(EXERCISE DATA Opens)
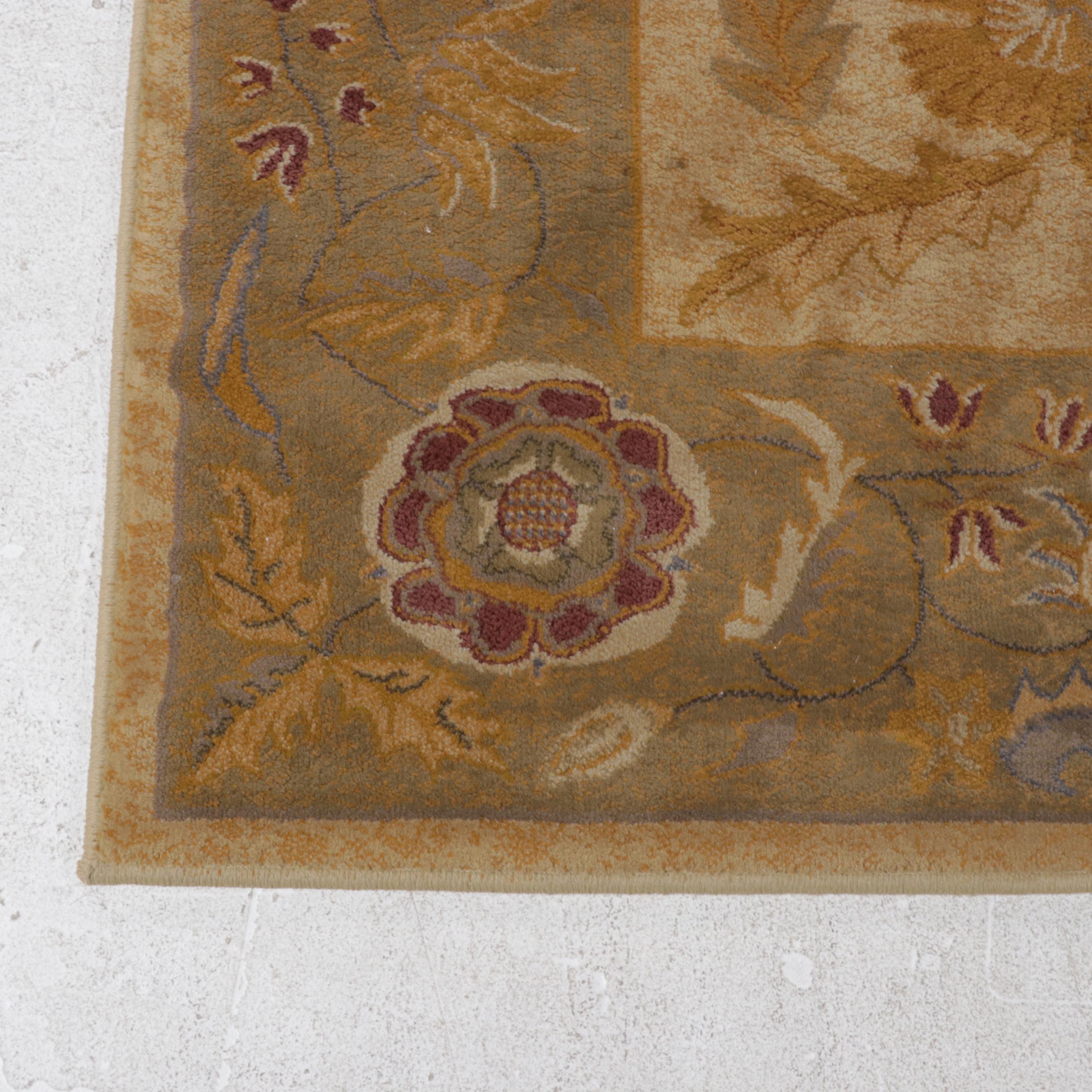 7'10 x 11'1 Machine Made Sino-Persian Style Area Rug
(EXERCISE DATA Closes)
(EXERCISE DATA Opens)
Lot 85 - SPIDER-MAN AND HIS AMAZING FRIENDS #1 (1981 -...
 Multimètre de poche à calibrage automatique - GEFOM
(EXERCISE DATA Closes)
Which lines run from the one holding "Lot 85 - SPIDER-MAN" through the one holding "Multimètre de poche" in the records above? Repeat them exactly, both included, and nothing more.

■ **EXERCISE ANSWER**
Lot 85 - SPIDER-MAN AND HIS AMAZING FRIENDS #1 (1981 -...
 Multimètre de poche à calibrage automatique - GEFOM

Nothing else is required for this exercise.